O presente texto é adaptação de transcrição de gravação de conferência do Prof. Plinio Corrêa de Oliveira a sócios e cooperadores da TFP, mantendo portanto o estilo verbal, e não foi revisto pelo autor.

Se o Prof. Plinio Corrêa de Oliveira estivesse entre nós, certamente pediria que se colocasse explícita menção a sua filial disposição de retificar qualquer discrepância em relação ao Magistério tradicional da Igreja. É o que fazemos aqui constar, com suas próprias palavras, como homenagem a tão belo e constante estado de espírito:

“Católico apostólico romano, o autor deste texto  se submete com filial ardor ao ensinamento tradicional da Santa Igreja. Se, no entanto,  por lapso, algo nele ocorra que não esteja conforme àquele ensinamento, desde já e categoricamente o rejeita”.

As palavras "Revolução" e "Contra-Revolução", são aqui empregadas no sentido que lhes dá o Prof.
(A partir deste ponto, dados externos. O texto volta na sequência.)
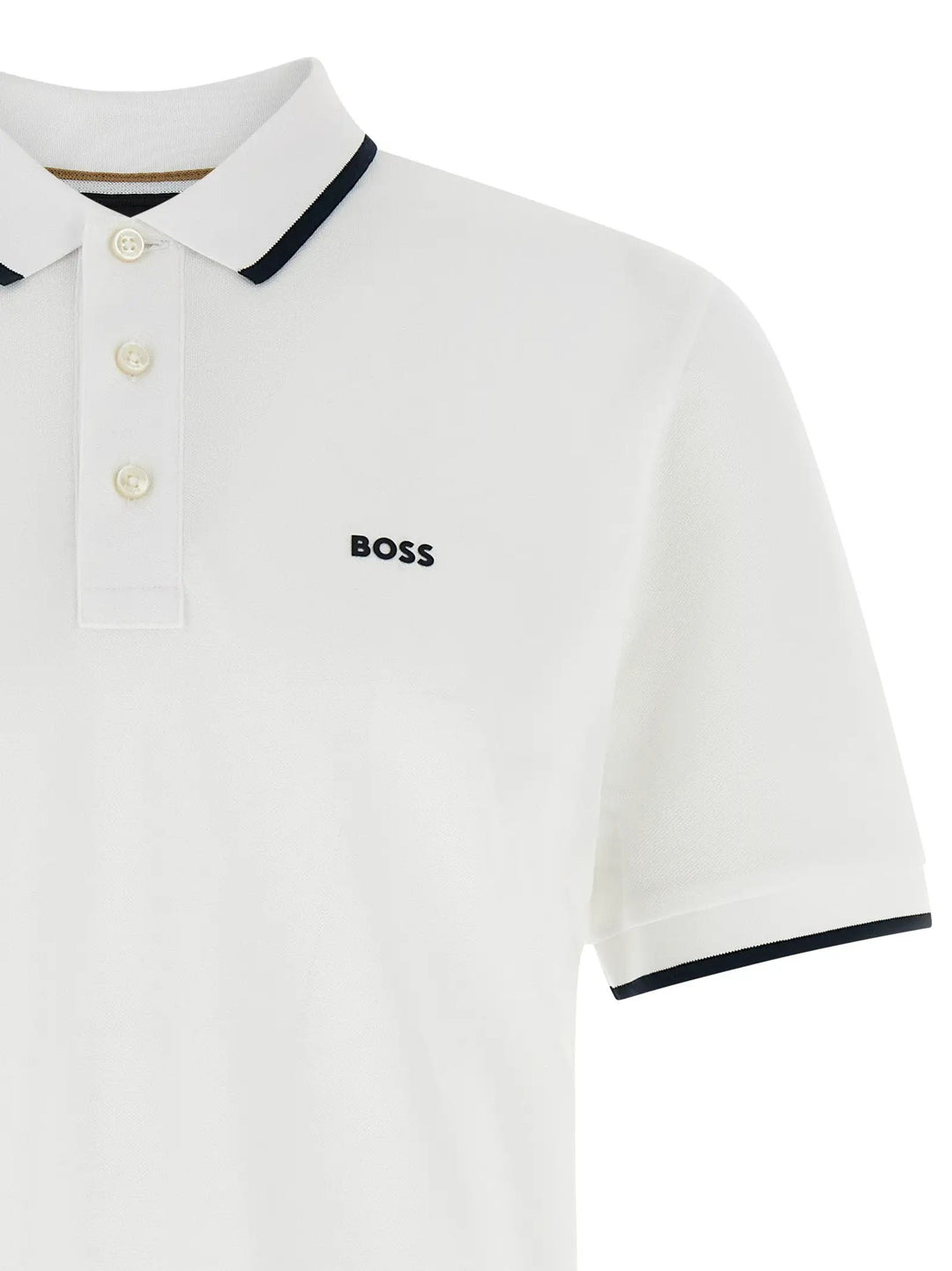 Hugo Boss White Cotton Polo Shirt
Plínio Corrêa de Oliveira em seu livro "Revolução e Contra-Revolução" (RCR), cuja primeira edição foi publicada no Nº 100 de "Catolicismo", em abril de 1959.

Vamos ler um trecho da Carta Circular aos Amigos da Cruz de São Luís Grignion de Montfort.

"Amigos da Cruz, que estudais um Deus Crucificado, o mistério da Cruz é um mistério desconhecido dos gentios, repelido pelos judeus e desprezado pelos hereges e pelos maus católicos. É, porem, o grande mistério que deveis aprender praticamente na escola de Jesus Cristo e que somente em sua escola podeis apreender. Procurareis em vão, em todas as academias da antiguidade, um filósofo que vô-lo haja ensinado; consultareis em vão a luz dos sentidos e da razão; não há senão Jesus Cristo que, por sua graça vitoriosa, vos possa ensinar e fazer saborear este mistério.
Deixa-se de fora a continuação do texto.